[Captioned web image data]
.....

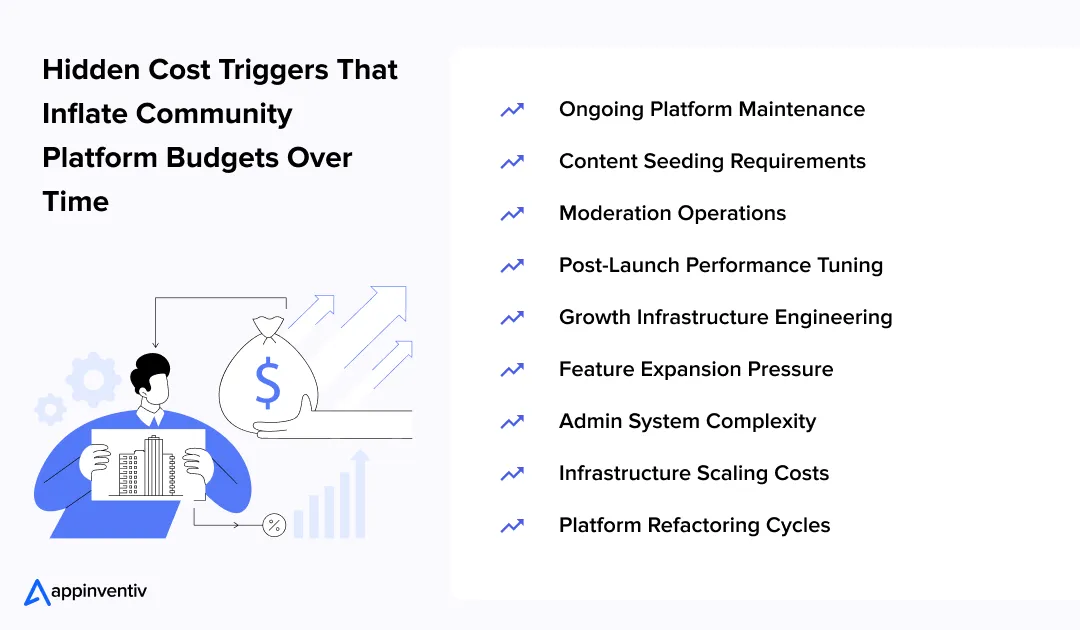 Hidden Cost Triggers That Inflate Community Platform Budgets Over Time Hidden Cost Triggers That Inflate Community Platform Budgets Over Time
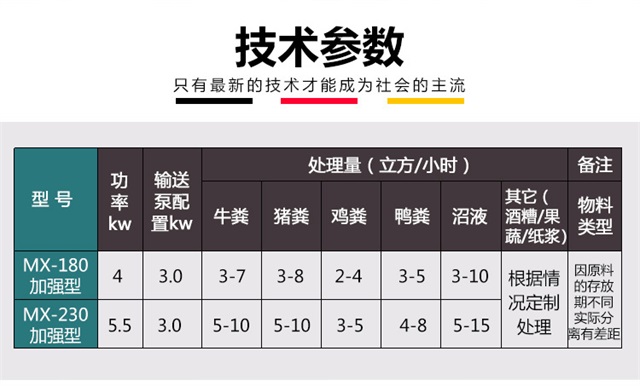 環(huán)保干濕分離機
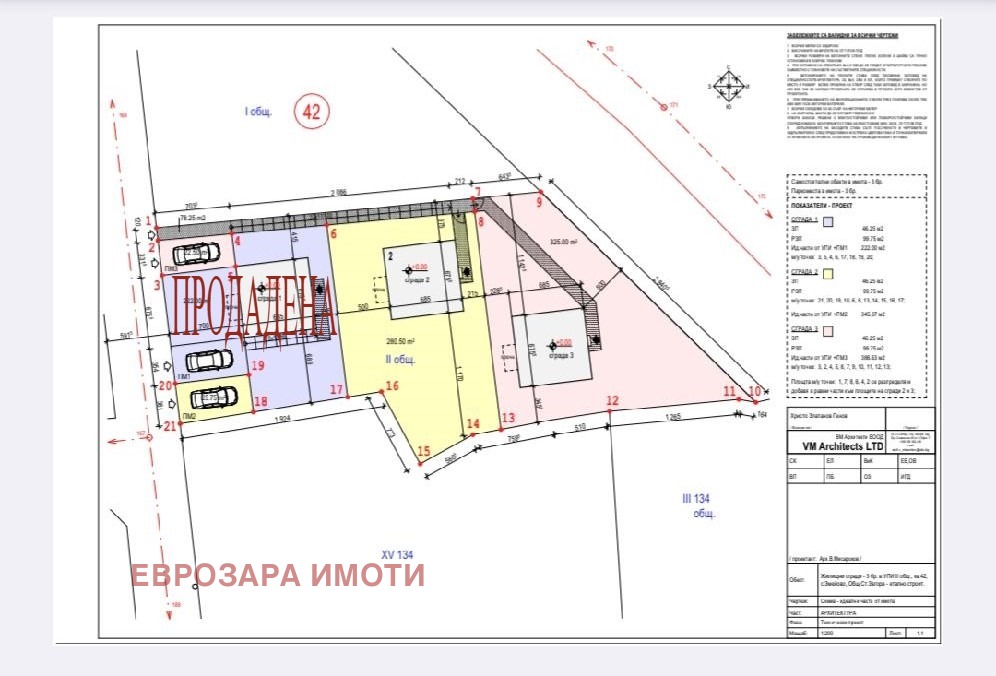 ������� ���� | Imot.bg � ����������� 5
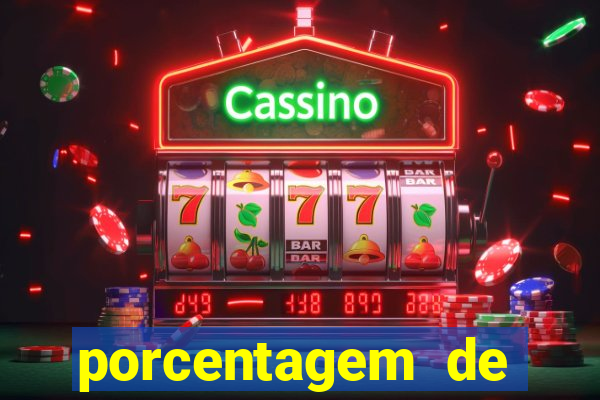 porcentagem de pagamento slots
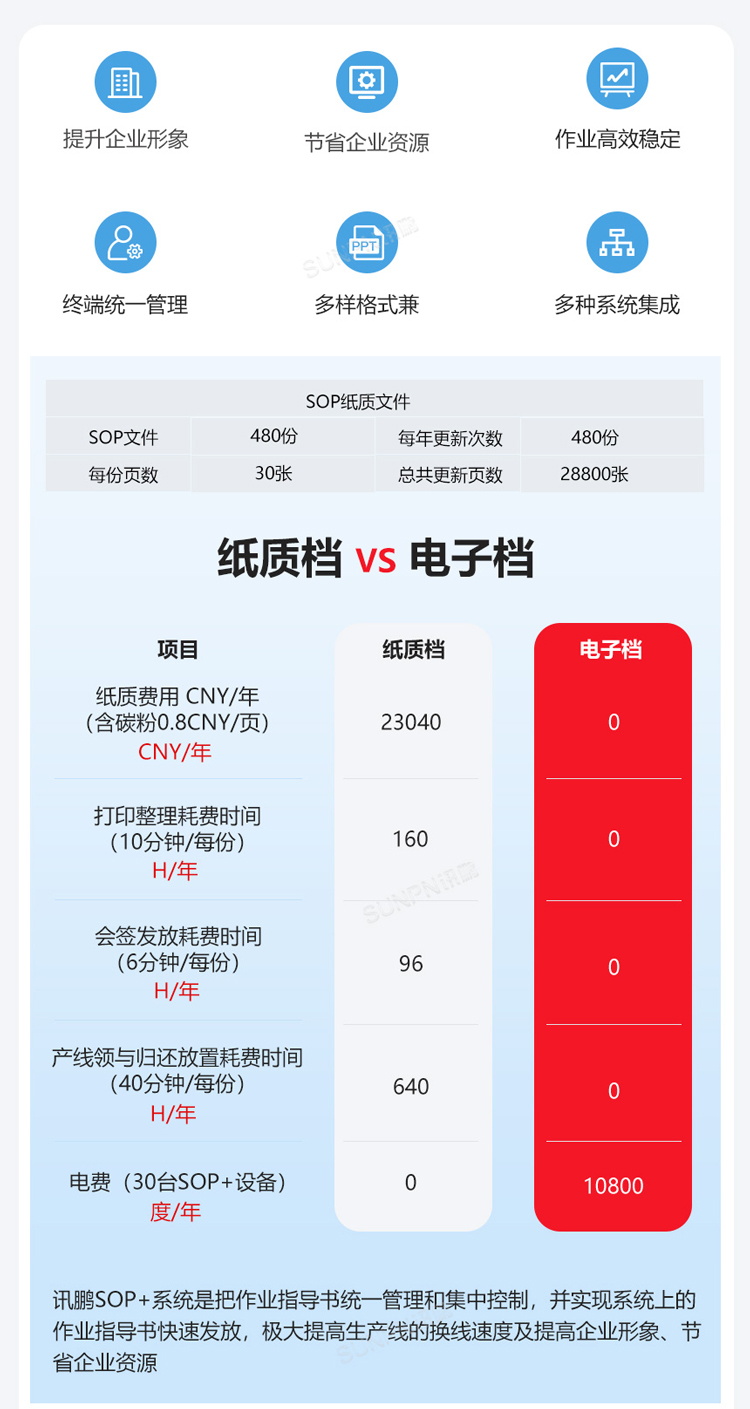 紙質(zhì)SOP與電子SOP對(duì)比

.....

- [What is needed]:
For this exercise, transcribe the data above line by line, exactly, with pictures omitted.

- [Response for this exercise]:
 Hidden Cost Triggers That Inflate Community Platform Budgets Over Time Hidden Cost Triggers That Inflate Community Platform Budgets Over Time
 環(huán)保干濕分離機
 ������� ���� | Imot.bg � ����������� 5
 porcentagem de pagamento slots
 紙質(zhì)SOP與電子SOP對(duì)比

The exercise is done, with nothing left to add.